Non c’è palestra, piscina, campo d’allenamento nei quali non risuoni, da sempre, l’appello al sacrificio. Questo appello non ha avuto bisogno di troppe spiegazioni fino a che l’idea che quasi ogni persona aveva di se stessa coincideva con il risultato: e non stiamo parlando solo dello sport. Anche lo spirito aziendale, anche il mondo del lavoro, anche l’intera società ragiona in funzione del risultato. O vinci, o sei nessuno.
Non è più così. Per moltitudini di ragazzi l’integrità personale viene prima del risultato (prima del lavoro, prima del reddito, prima di ogni altra cosa). Gli adulti, me compreso, hanno la tentazione di liquidare la questione come una forma quasi epidemica di renitenza alla fatica. E di iper-suscettibilità. È una tentazione da respingere.
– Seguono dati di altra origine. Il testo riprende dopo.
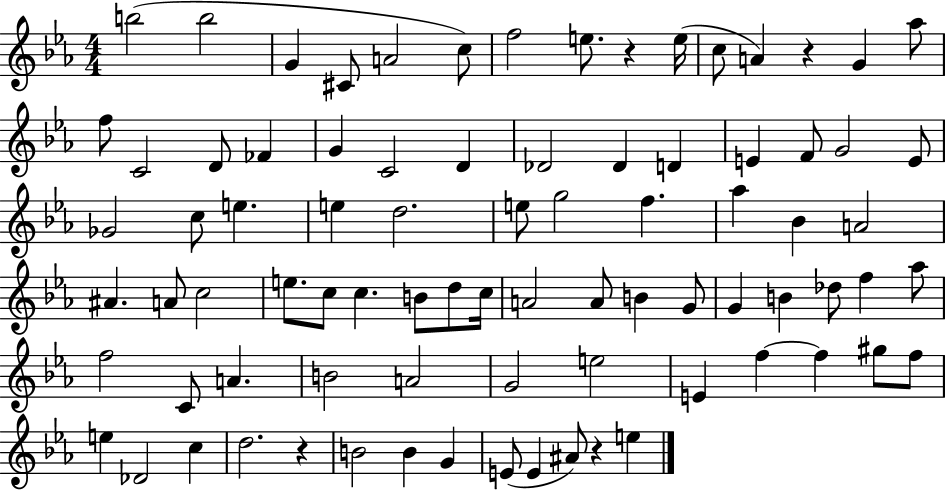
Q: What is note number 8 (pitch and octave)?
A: E5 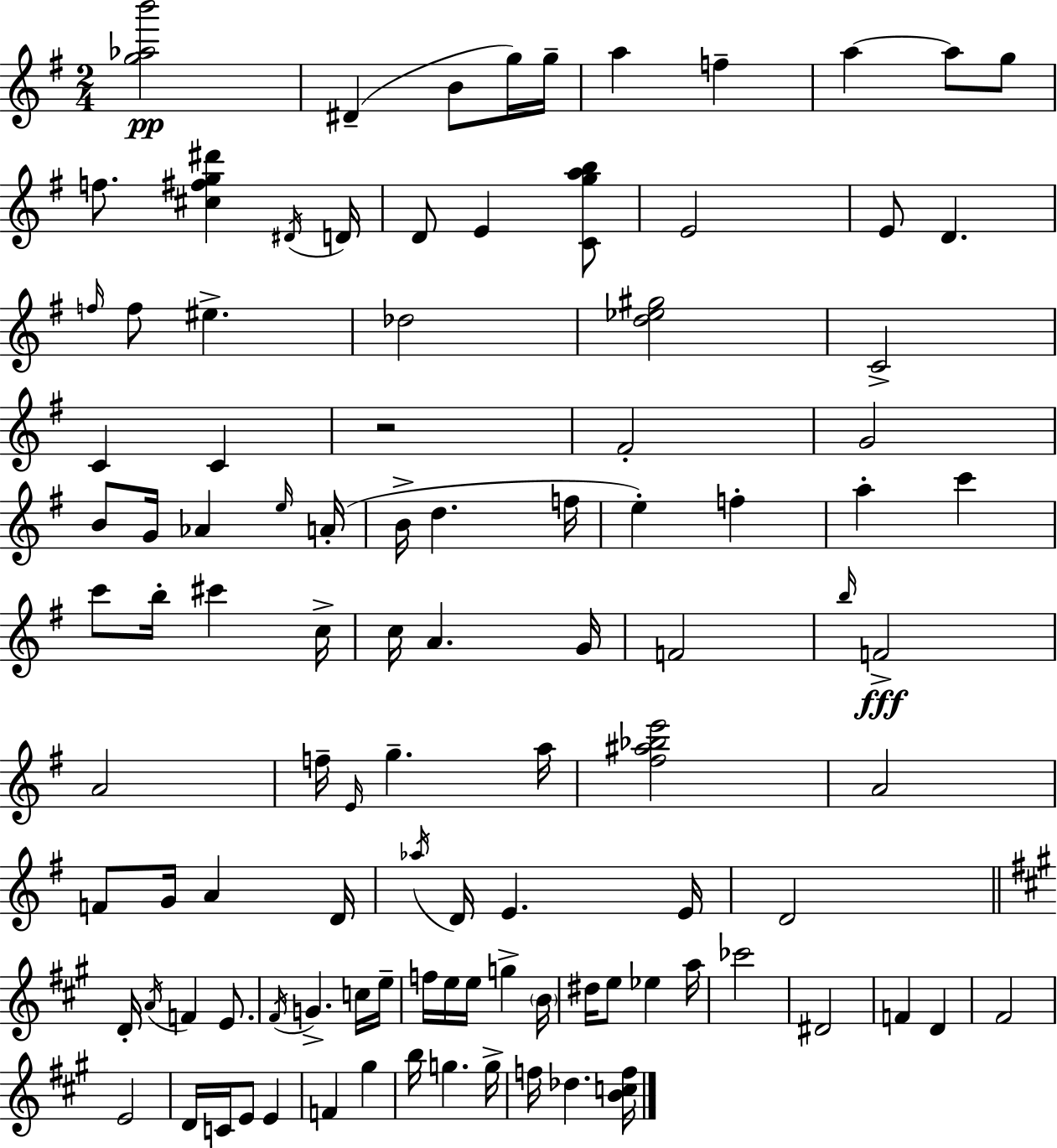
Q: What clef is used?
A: treble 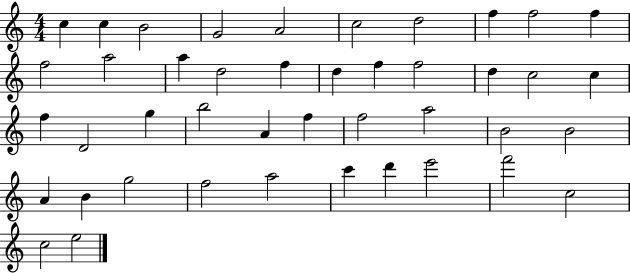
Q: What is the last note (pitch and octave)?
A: E5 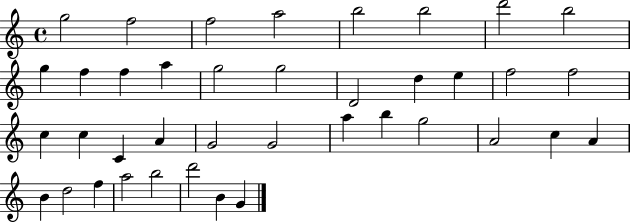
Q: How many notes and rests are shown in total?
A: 39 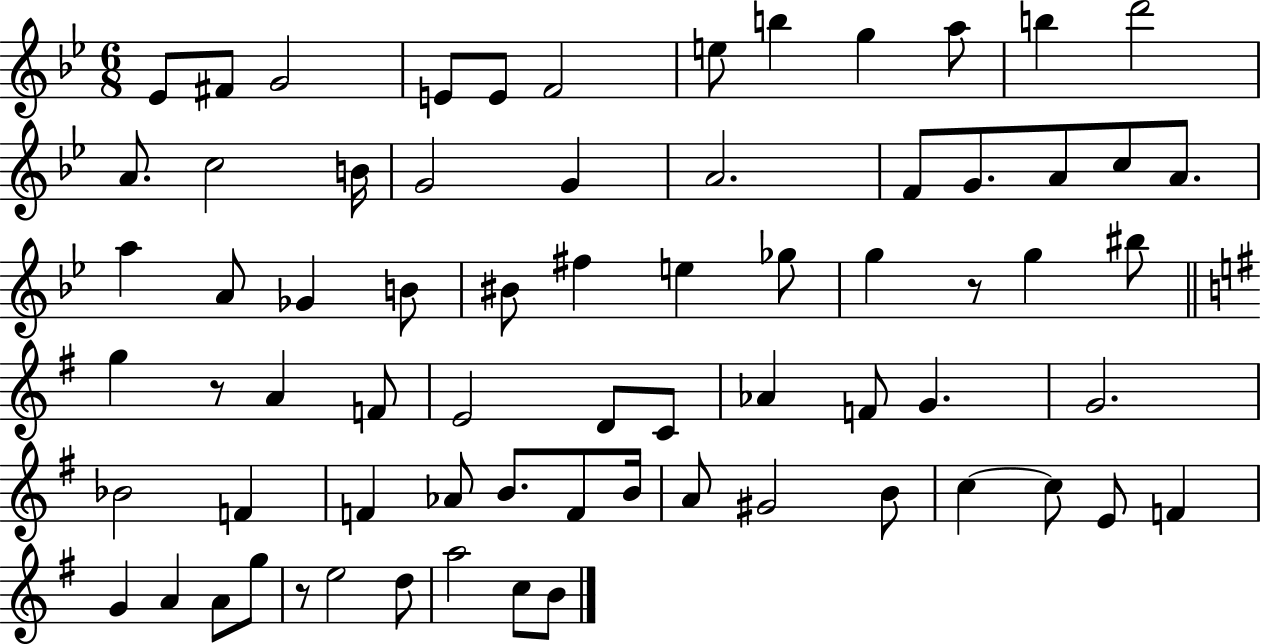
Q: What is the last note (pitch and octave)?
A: B4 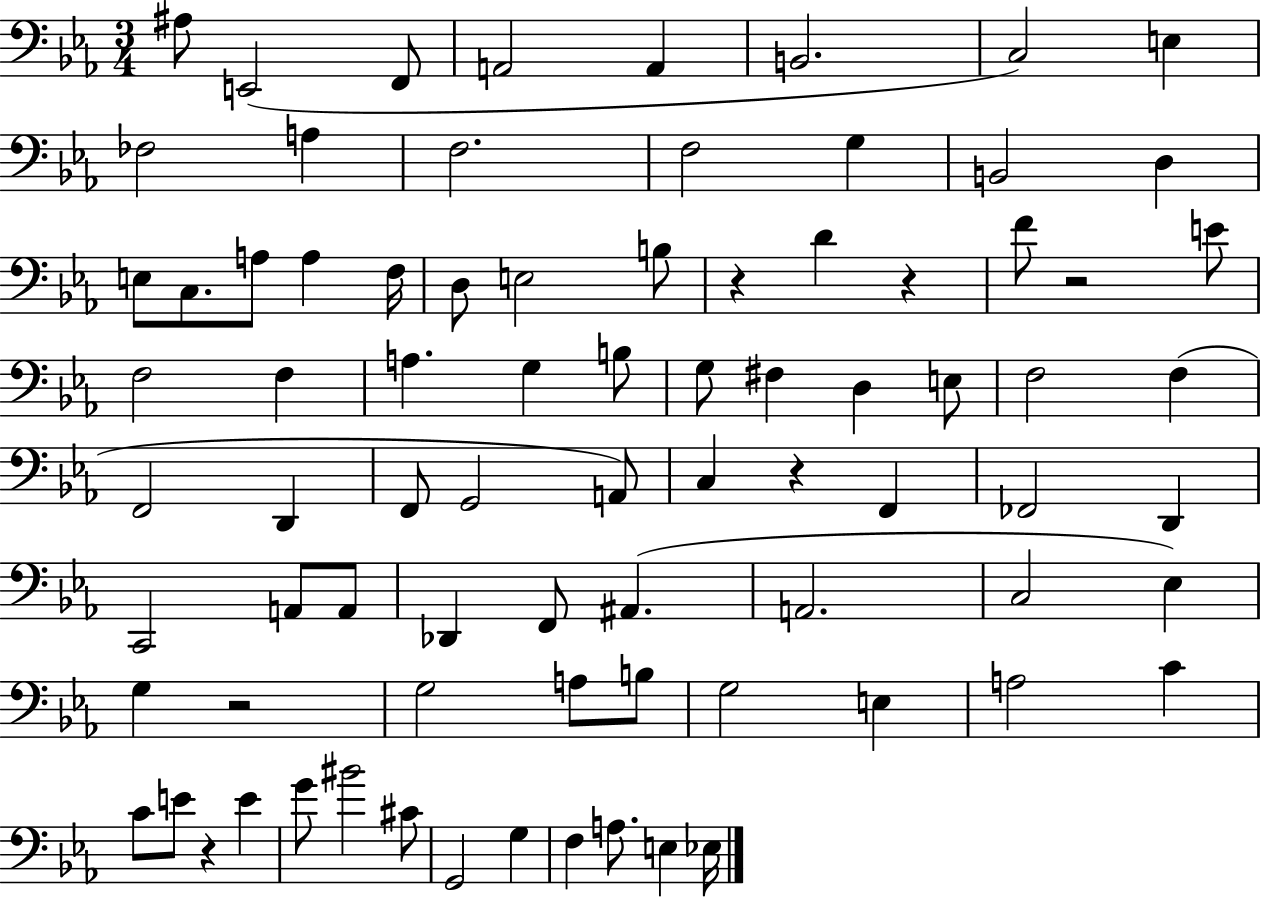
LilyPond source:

{
  \clef bass
  \numericTimeSignature
  \time 3/4
  \key ees \major
  ais8 e,2( f,8 | a,2 a,4 | b,2. | c2) e4 | \break fes2 a4 | f2. | f2 g4 | b,2 d4 | \break e8 c8. a8 a4 f16 | d8 e2 b8 | r4 d'4 r4 | f'8 r2 e'8 | \break f2 f4 | a4. g4 b8 | g8 fis4 d4 e8 | f2 f4( | \break f,2 d,4 | f,8 g,2 a,8) | c4 r4 f,4 | fes,2 d,4 | \break c,2 a,8 a,8 | des,4 f,8 ais,4.( | a,2. | c2 ees4) | \break g4 r2 | g2 a8 b8 | g2 e4 | a2 c'4 | \break c'8 e'8 r4 e'4 | g'8 bis'2 cis'8 | g,2 g4 | f4 a8. e4 ees16 | \break \bar "|."
} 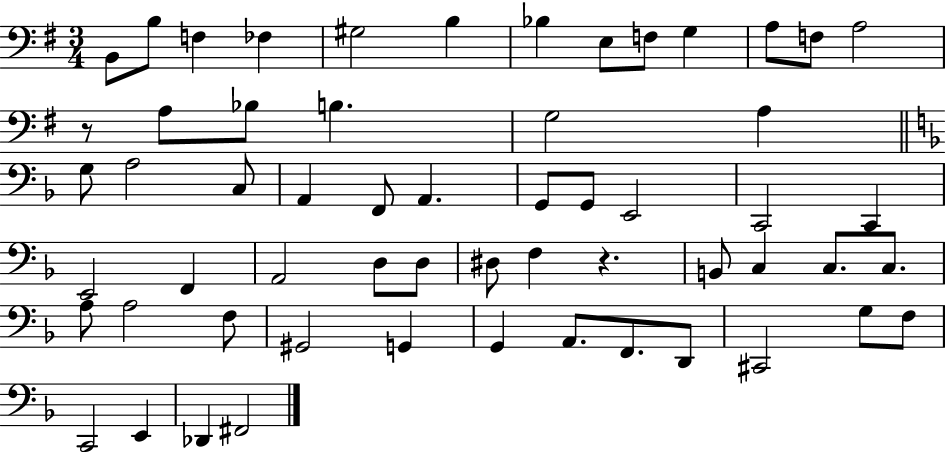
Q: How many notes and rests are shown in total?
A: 58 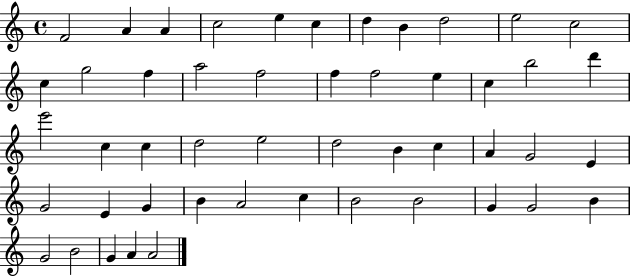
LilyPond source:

{
  \clef treble
  \time 4/4
  \defaultTimeSignature
  \key c \major
  f'2 a'4 a'4 | c''2 e''4 c''4 | d''4 b'4 d''2 | e''2 c''2 | \break c''4 g''2 f''4 | a''2 f''2 | f''4 f''2 e''4 | c''4 b''2 d'''4 | \break e'''2 c''4 c''4 | d''2 e''2 | d''2 b'4 c''4 | a'4 g'2 e'4 | \break g'2 e'4 g'4 | b'4 a'2 c''4 | b'2 b'2 | g'4 g'2 b'4 | \break g'2 b'2 | g'4 a'4 a'2 | \bar "|."
} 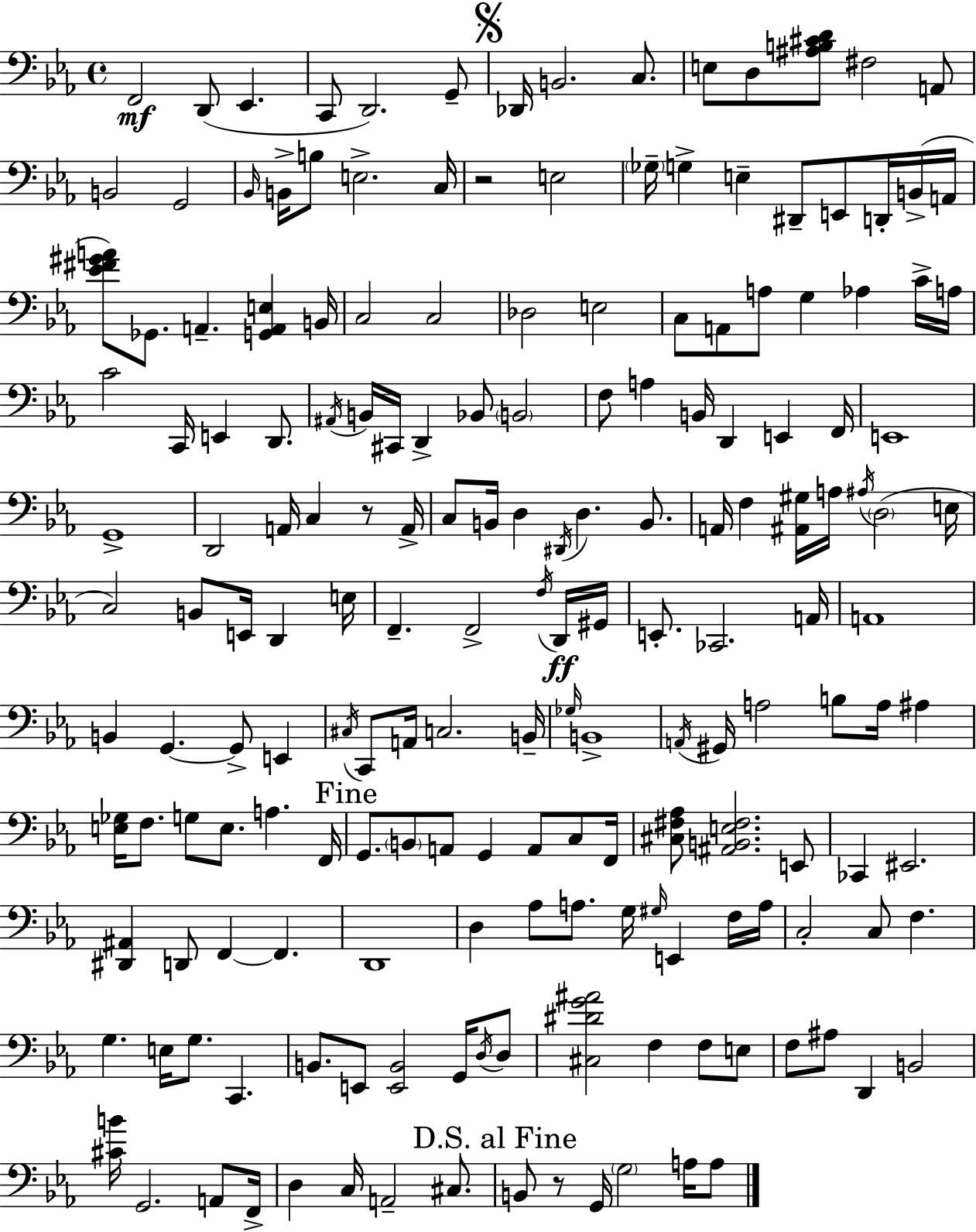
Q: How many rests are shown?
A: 3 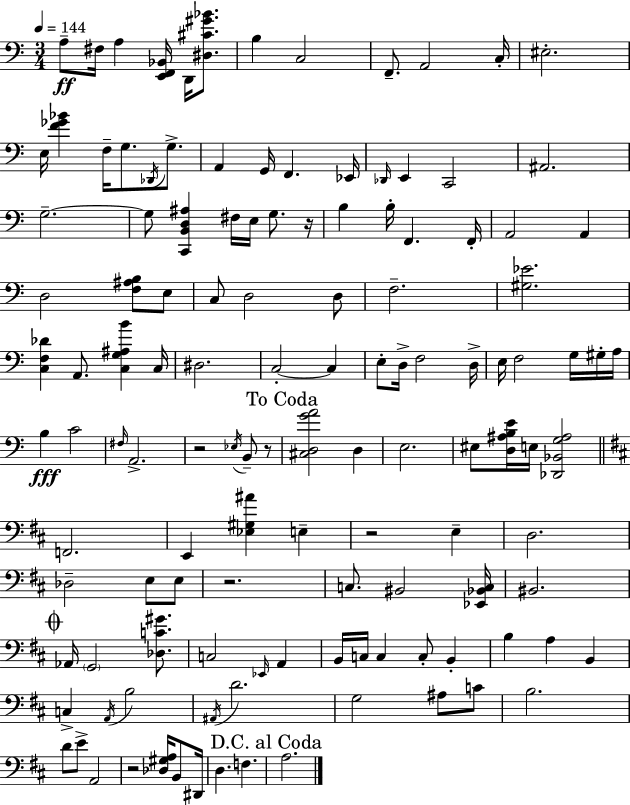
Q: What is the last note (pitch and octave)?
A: A3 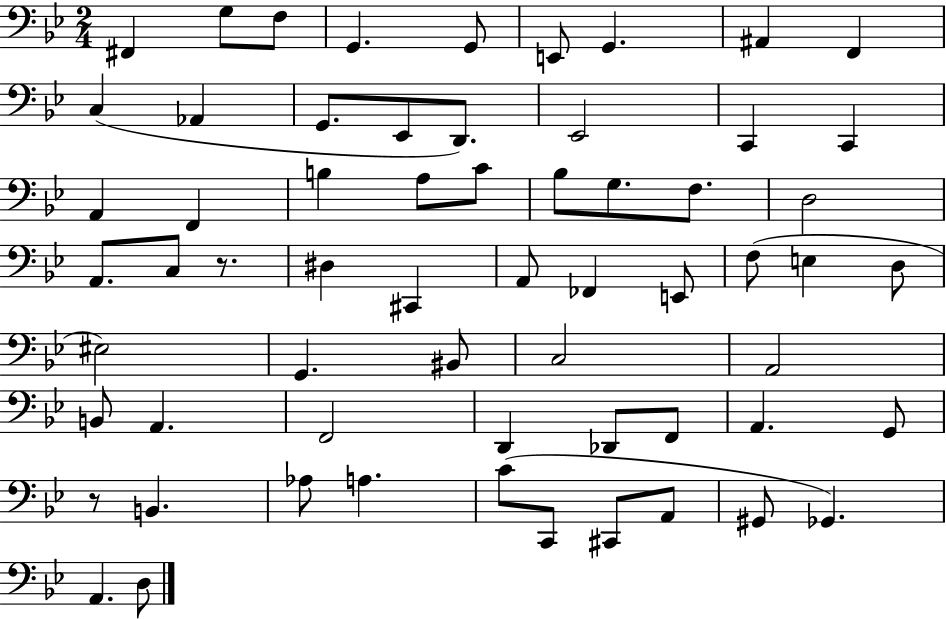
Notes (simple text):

F#2/q G3/e F3/e G2/q. G2/e E2/e G2/q. A#2/q F2/q C3/q Ab2/q G2/e. Eb2/e D2/e. Eb2/h C2/q C2/q A2/q F2/q B3/q A3/e C4/e Bb3/e G3/e. F3/e. D3/h A2/e. C3/e R/e. D#3/q C#2/q A2/e FES2/q E2/e F3/e E3/q D3/e EIS3/h G2/q. BIS2/e C3/h A2/h B2/e A2/q. F2/h D2/q Db2/e F2/e A2/q. G2/e R/e B2/q. Ab3/e A3/q. C4/e C2/e C#2/e A2/e G#2/e Gb2/q. A2/q. D3/e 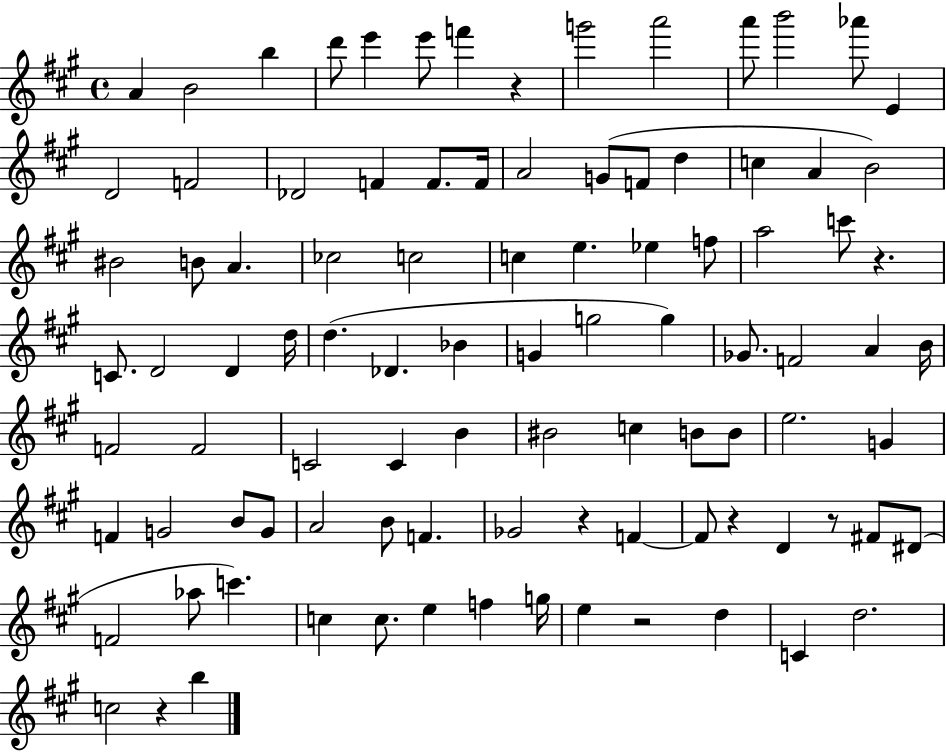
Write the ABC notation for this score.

X:1
T:Untitled
M:4/4
L:1/4
K:A
A B2 b d'/2 e' e'/2 f' z g'2 a'2 a'/2 b'2 _a'/2 E D2 F2 _D2 F F/2 F/4 A2 G/2 F/2 d c A B2 ^B2 B/2 A _c2 c2 c e _e f/2 a2 c'/2 z C/2 D2 D d/4 d _D _B G g2 g _G/2 F2 A B/4 F2 F2 C2 C B ^B2 c B/2 B/2 e2 G F G2 B/2 G/2 A2 B/2 F _G2 z F F/2 z D z/2 ^F/2 ^D/2 F2 _a/2 c' c c/2 e f g/4 e z2 d C d2 c2 z b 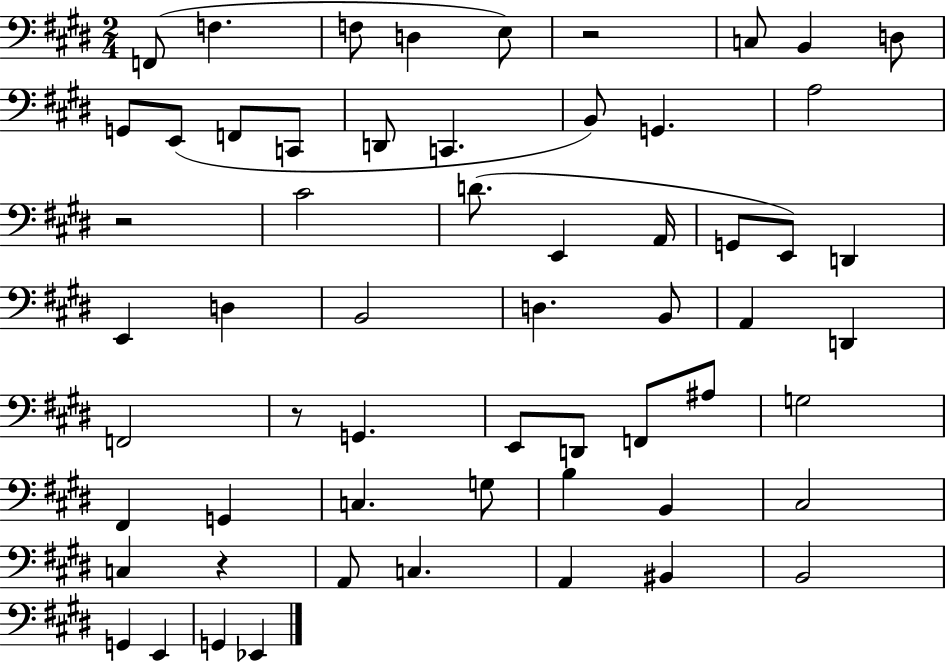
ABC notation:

X:1
T:Untitled
M:2/4
L:1/4
K:E
F,,/2 F, F,/2 D, E,/2 z2 C,/2 B,, D,/2 G,,/2 E,,/2 F,,/2 C,,/2 D,,/2 C,, B,,/2 G,, A,2 z2 ^C2 D/2 E,, A,,/4 G,,/2 E,,/2 D,, E,, D, B,,2 D, B,,/2 A,, D,, F,,2 z/2 G,, E,,/2 D,,/2 F,,/2 ^A,/2 G,2 ^F,, G,, C, G,/2 B, B,, ^C,2 C, z A,,/2 C, A,, ^B,, B,,2 G,, E,, G,, _E,, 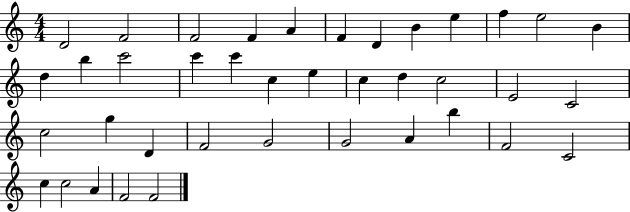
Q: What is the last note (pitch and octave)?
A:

Se adulti forse più energici, certo meno sensibili, si scontrano con ragazzi più sensibili, forse meno energici, è perché il successo non è più il solo paradigma dominante. Più del successo contano la percezione di sentirsi rispettati e la voglia di vivere bene. Significa essere viziati? Può darsi. Ma dopo una vita trascorsa a biasimare “la corsa del topo”, il corri-produci-consuma-crepa che è lo spirito del capitalismo, almeno qualche dubbio, di fronte ai “no grazie” di molti ragazzi, ci deve venire.